Though not running, he chases her. Every move she makes, he is right behind her. She has given the impression that she is too upset to talk, and that his efforts will not produce a solution. But, I call her bluff, sitting there in my car. This following is what she wants. She wants to be chased.
I used to belong to a small church where people would call me after a missed service. Whether I’d gone out of town or chosen to sleep in, if I wasn’t in my spot on Sunday morning, I could expect a phone call or two from church members checking on me, wondering where I was, and if I was planning on being back the next week. I was a full-fledged member of this church. I taught Bible school for the babies on Sunday morning and put actual money in the collection plate as it was passed. I saw these people at least twice a week. But, those phone calls. They meant that someone missed me; someone wondered where I was; someone thought enough of me to find out if I was okay.

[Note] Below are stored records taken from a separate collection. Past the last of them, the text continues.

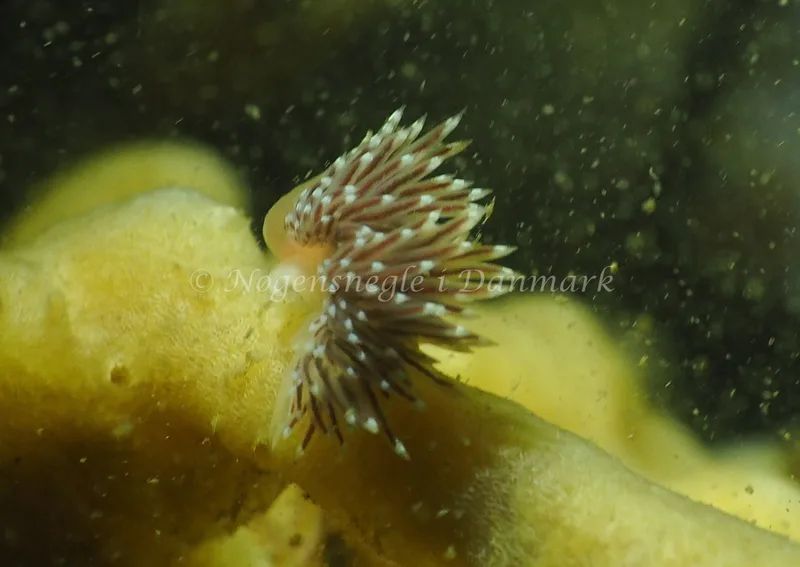 Gulenia monicae - Lyngsbo Strand - Foto: Jens Egon Jørgensen
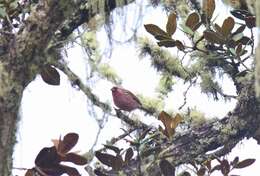 Image of Dark-rumped Rosefinch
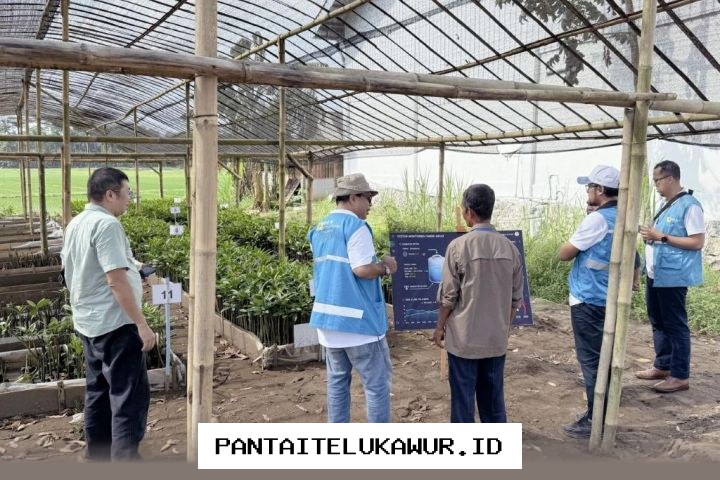 PLN EPI Terapkan Teknologi Digital untuk Pengembangan Pembibitan Mangrove di Cilacap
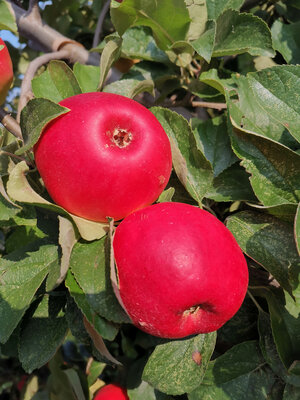 Pommes zingy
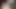 My girlfriend giving wonderful blowjob and deepthrout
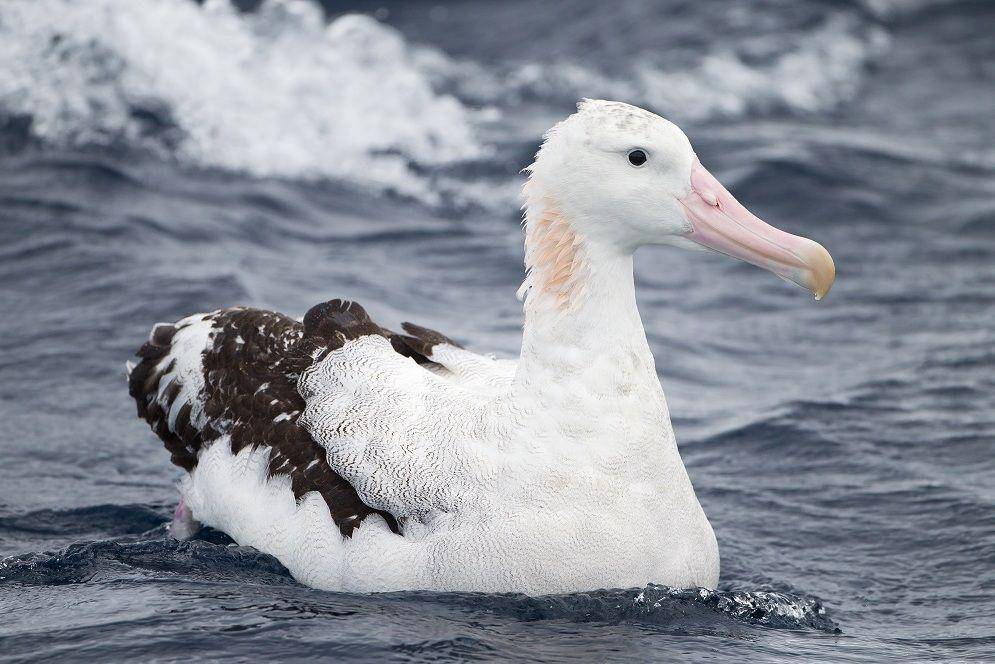 Albatros kelana bersantai di laut. (commons.wikimedia.org/JJ Harrison)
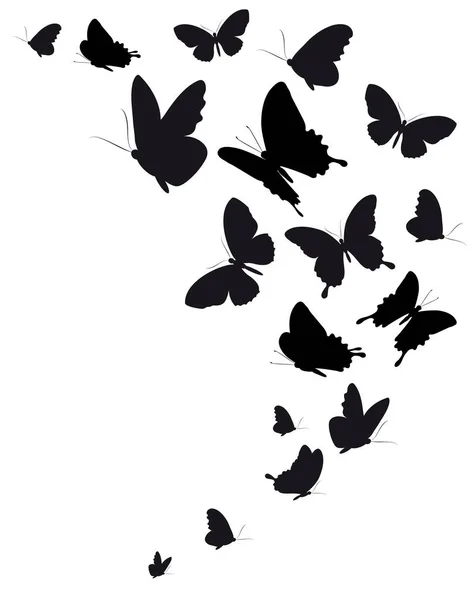 Papillon noir, isolé sur un blanc — Photo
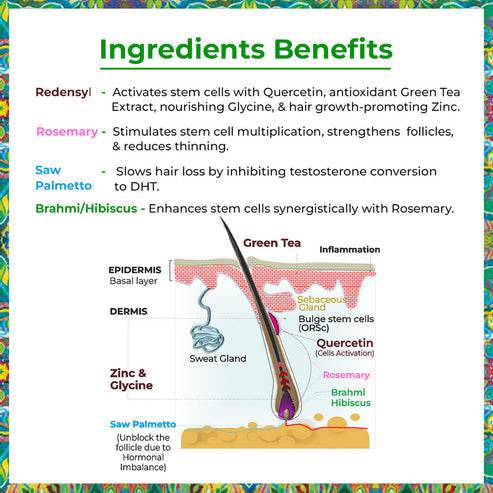 Hair Growth Kit With Anti-Greying Arcolys For Greying Hair , Rosemary Hair Growth Activator Serum & Rosemary Hair Fall Control Shampoo - passionindulge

At my birthday dinner last night, my friends and family gathered at my favorite restaurant to help me celebrate. Afterward, I got a text message from one of my best friends mentioning what a good time she’d had but how she’s noticed I’d been a bit quieter than usual. (Quiet is not usually an adjective used to describe me. When I am quiet, people notice.) The truth is, hours earlier, I’d had a bit of an ugly-cry break-down, totally overwhelmed at the tasks on my To Do list, lack of time to do those tasks, and the fact that I was completely exhausted from trying to keep up with an insane level of productivity. And, although I had gotten myself together and had done my dead-level best to raise my spirits and enjoy the blessing of good friends and good food to celebrate a special day, my mood wasn’t it’s normal high. She noticed. And asked after me. And worried about me. And prayed for me.
I used to date a man who would purchase grape, Bubblicious bubblegum for me at the gas station he used. Popular among the adolescence of America, those big chunks of sugary bubblegum happen to be the best bubble-blowing gum on the market. It’s my favorite. But, it’s hard to find. Apparently, the allowances of those adolescence and my infrequent purchasing isn’t strong enough to keep them stocked at checkout counters. So, when my boyfriend found it at his gas station, he started buying me packages. He’d slip them into my purse, never saying a word. I’d reach in for my keys, and there would be a new pack of grape, Bubblicious gum, ready for the chewing. It made me swoon. My heart tugged. He remembered a random story I shared. He spent his hard-earned money on something he knew I’d like. He never called attention to it; he just did it. He thought about me.
The idea of being chased has lost it’s shine in our feminist-driven, equality-focused society. I’m supposed to feel empowered to stand on my own, to be independent of everyone else, to find everything I need inside myself. And, I guess those things aren’t bad, so much as they are limiting. If I never experience the high in knowing I am worth a chase, I miss out on one of life’s heart-fluttering moments. Reveling in the notion that I was missed, that my mood was noticed, that my story was heard makes me feel loved. Being chased is love wrapped in intent and community.
He finally caught her, that teenage boy and his sulky teenage girlfriend. He finally came to stand right in front of her, cornering her, with arms outstretched in an “I give up” motion. Her arms came uncrossed and dropped to her sides, giving him the opportunity to hug her. He kind of scooped her up and they stood there on the sidewalk in that awkward teenage-y embrace for several seconds. It was exactly what she wanted. The whole time. To be chased. And, more importantly, caught.